O império, que um dia foi vasto como um sonho, encolheu até desaparecer nas bordas da Primeira Guerra Mundial, deixando apenas lembranças e fronteiras mal desenhadas.
E o que dizer de Alexandre, o Grande? O jovem rei macedônio, com menos de 30 anos, conquistou todo o território entre a Grécia e o vale do Indo.
Criou, em tempo recorde, um dos maiores impérios da história antiga. Mas seu domínio durou menos que um mandato presidencial moderno. Morreu jovem, sem herdeiros claros, e seu legado virou disputa entre generais. O mundo que ele tentou unificar, fragmentou-se quase imediatamente.
A lição comum entre esses impérios parece clara: não importa o tamanho do poder — todos ruem. Seja pela decadência interna, pelo colapso econômico, por revoltas populares ou por perderem o sentido de sua própria missão. E cada um deles, em seus últimos dias, acreditava estar longe do fim.
Afinal, quem ousaria prever o colapso de Roma no auge de sua glória? Quem apostaria na queda dos otomanos quando seus exércitos marcharam sobre os Bálcãs? E quem imaginaria que o conquistador de Alexandria pereceria antes de consolidar sua capital?
É neste espelho que o “império americano” deve se olhar. Donald Trump, com sua retórica de força e isolamento, não é exatamente um arquiteto de longos ciclos. Prefere a tática do choque: impõe tarifas a aliados, reduz compromissos multilaterais, persegue inimigos externos com fervor de inquisidor; apoia Israel com uma devoção quase messiânica, enquanto ignora o drama humano dos palestinos em Gaza; castiga a Rússia por conveniência, mas jamais abandona os gestos ambíguos e negocia com a China como se jogasse pôquer — blefando mais do que segurando cartas boas.

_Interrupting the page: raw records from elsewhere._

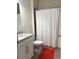 A clean bathroom showcasing a white vanity with granite countertops, a toilet, and a shower with a white curtain at 12126 Homestead Park Ln, Orlando, FL 32824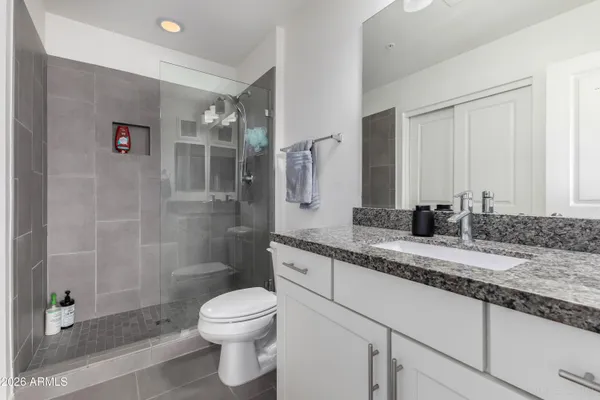 a bathroom with a granite countertop sink toilet and shower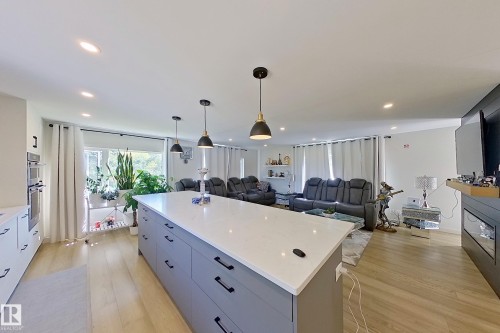 Open-concept common area featuring a spacious kitchen island with a light-colored countertop and dark-finish hardware, recessed lighting, wood-finish flooring, a wall-mounted double oven, and pendant lighting fixtures - 3054 28 Avenue, Edmonton, AB 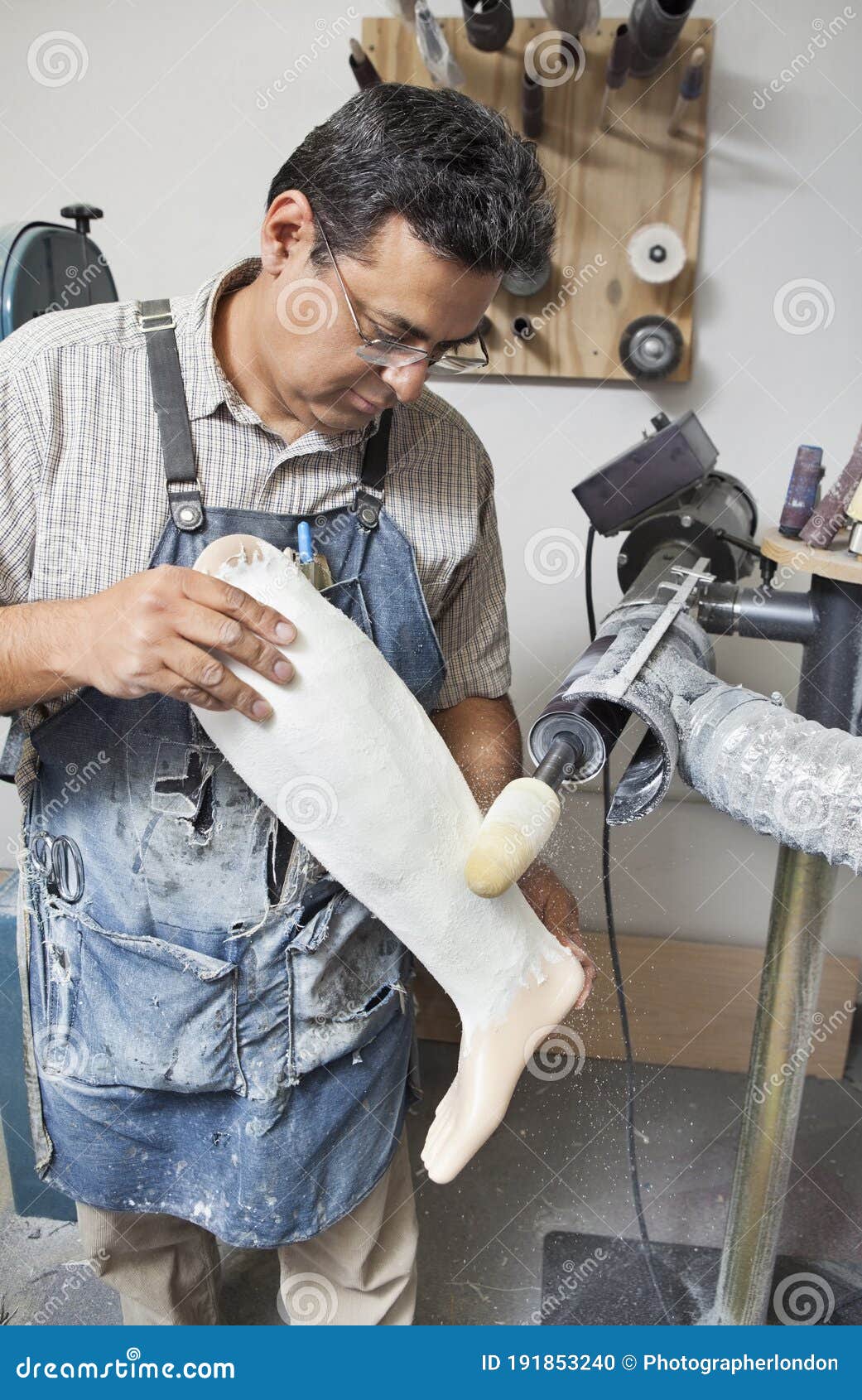 mature male worker buffing prosthetic limb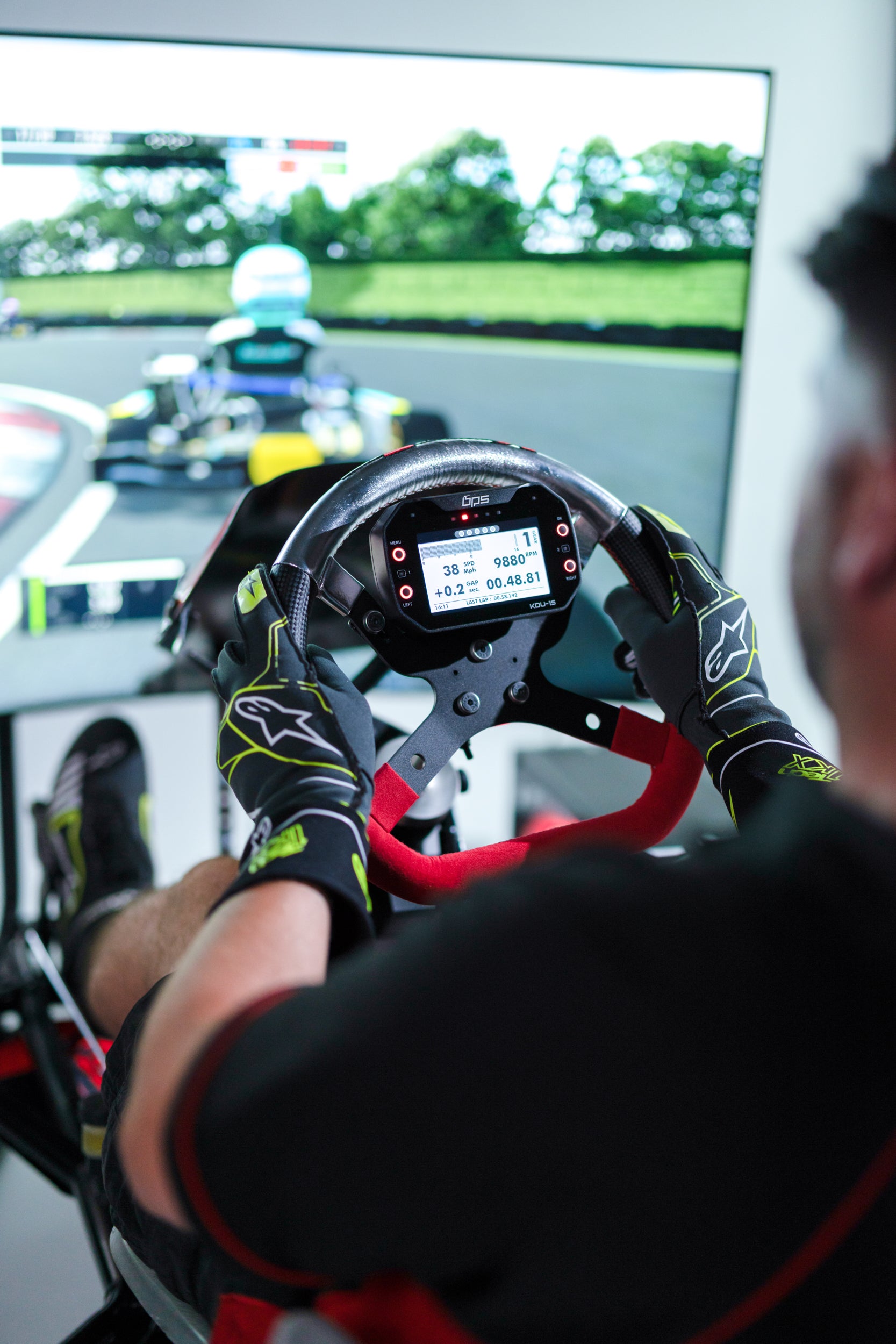Back view of KartSim ProSim racing simulator cockpit with ergonomic seat, steering wheel and monitor, and pedal set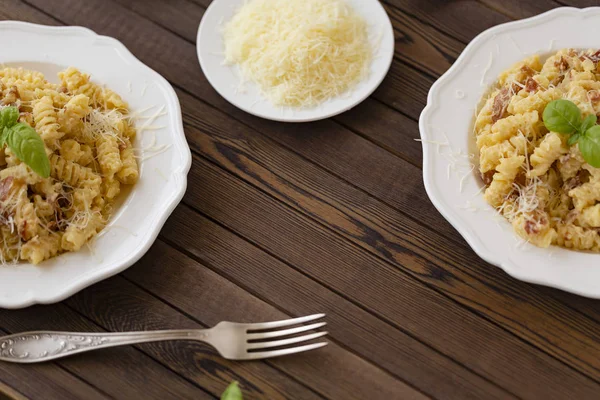 Ev yapımı makarna carbonara İtalyanca ile pastırma, yumurta, karanlık bir arka plan üzerinde beyaz tabakta Parmesan peyniri.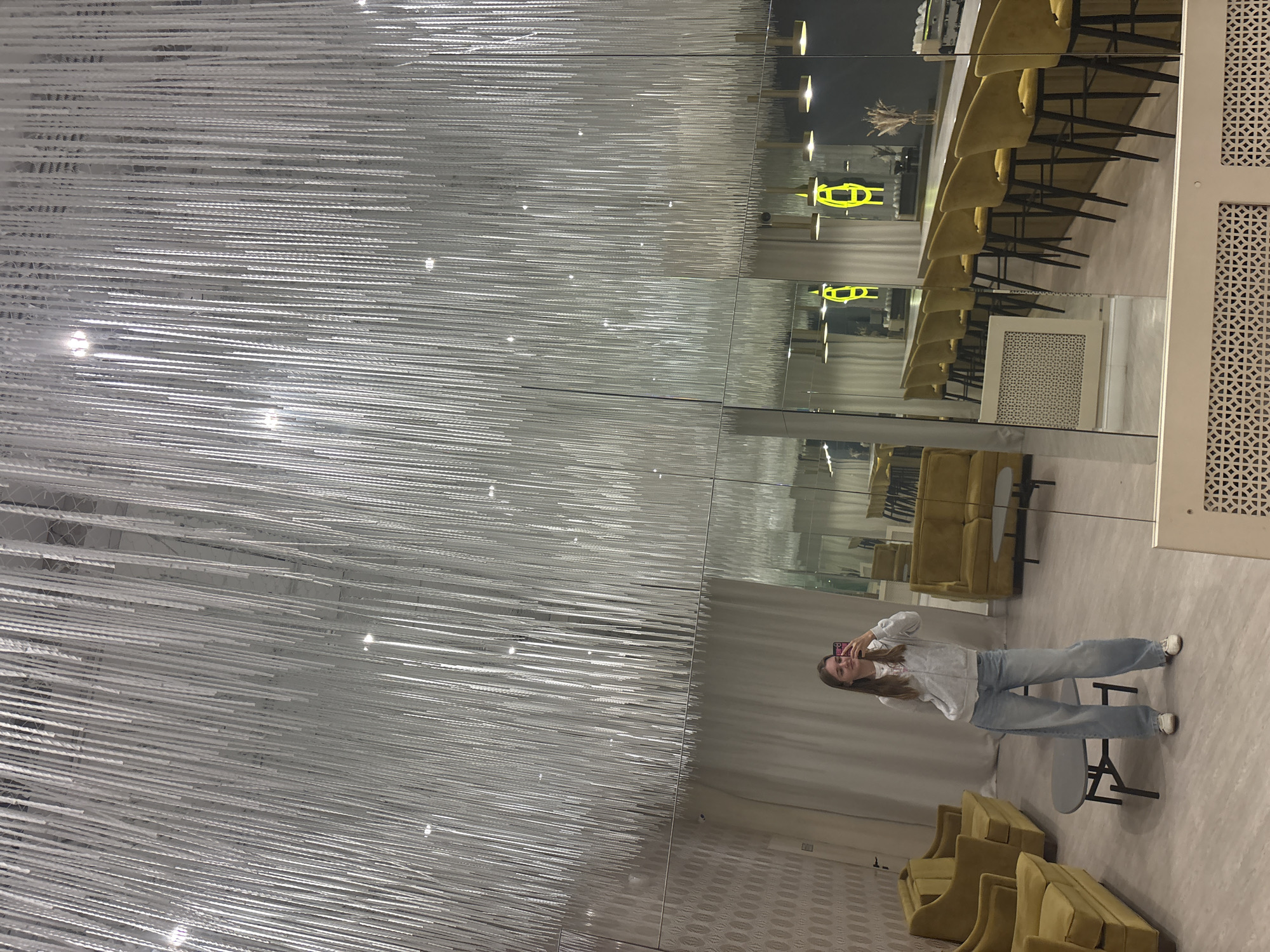 The image captures a woman reflected in a mirrored wall. The woman is holding her phone up as if taking a photo, and is wearing a white sweater and light blue jeans. The mirrored wall shows a room with yellow seating, a long table with high-backed chairs, and decorative lighting. A striking chandelier composed of multiple white strands hangs from the ceiling. The scene appears to be located in a restaurant or lobby. Based on other available context, the location is likely in Perm, Russia.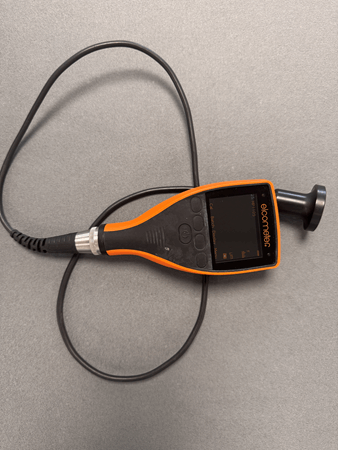 An image showing an Elcometer dry film weight gauge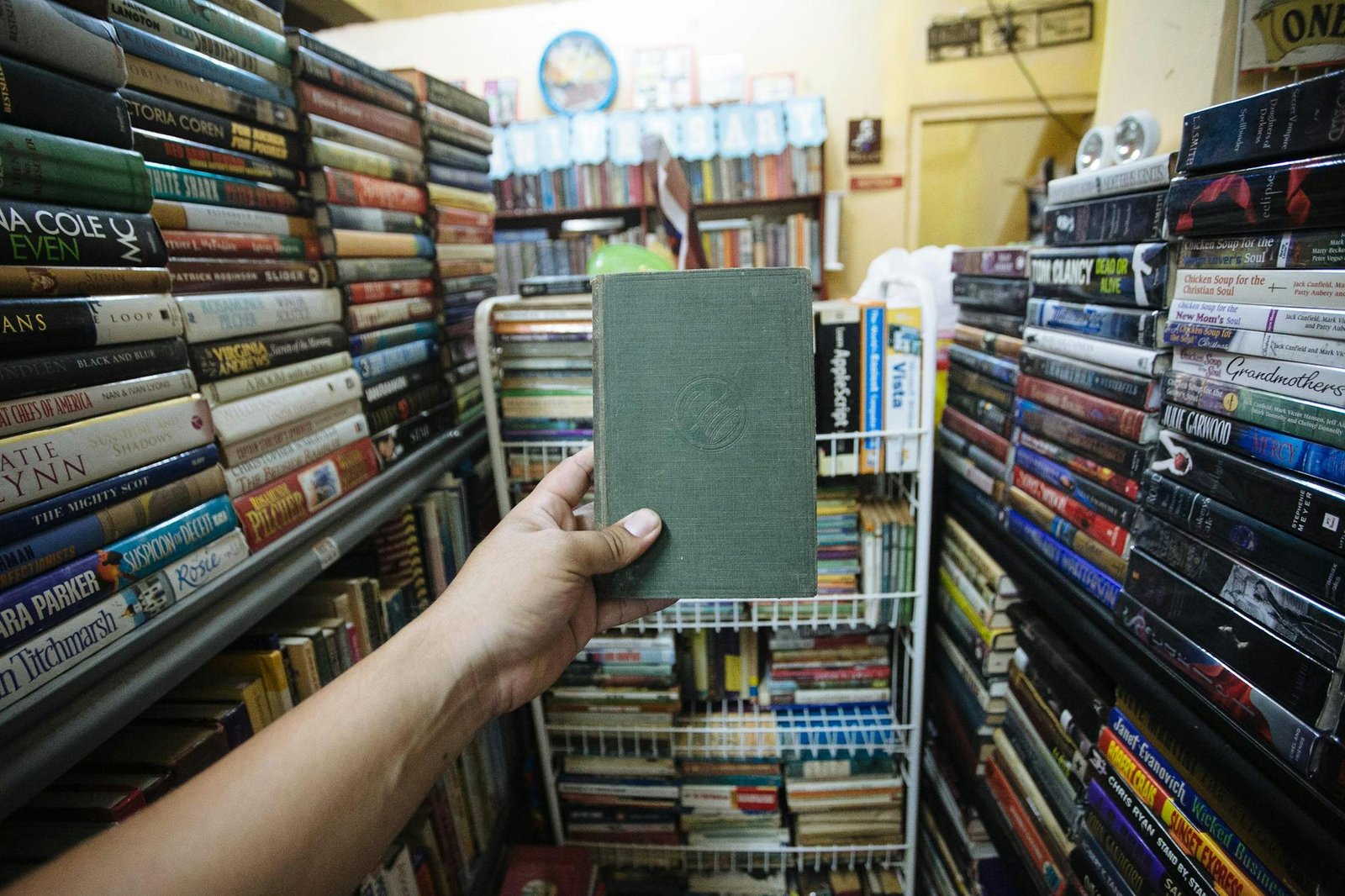 A hand holds a hardcover book amidst stacks of books in a vibrant, cozy bookstore.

O que ele parece ignorar é que os impérios não se mantêm apenas por força militar ou supremacia comercial. Eles duram enquanto conseguem oferecer uma visão do mundo que faça sentido para os outros.
Roma oferecia cidadania. O Islã Otomano, ordem e tolerância relativa. Alexandre prometia fusão cultural. E os EUA, por muito tempo, venderam ao planeta uma promessa de liberdade, democracia e prosperidade — valores que, embora imperfeitos, ainda tinham apelo.
Hoje, com o alaranjado Donald Trump à frente, essa narrativa está em risco. O império que um dia ergueu a ONU, apoiou o plano Marshall e liderou o pós-guerra com valores universais, agora parece mais inclinado a construir muros do que pontes. E um império que constrói muros já não se expande — começa a se proteger do mundo que ajudou a moldar.
É cedo para prever o fim dos Estados Unidos como superpotência. Mas talvez estejamos, sim, diante do início de um novo capítulo: o de uma potência que começa a perder sua aura, sua autoridade moral, e talvez, mais perigosamente, seu propósito.
Nenhum império ruiu de um dia para o outro. Eles escorregam, enfraquecem, e então caem — geralmente olhando para o lado errado.
Donald Trump, com sua política do confronto e da simplificação, pode não ser o arquiteto do fim. Mas talvez seja o prenúncio do crepúsculo. O clarim que soa alto, mas que já não assusta como antes. O imperador que, embora revestido de poder, pode estar caminhando em direção à história — mas como personagem de uma sátira, e não de uma epopeia.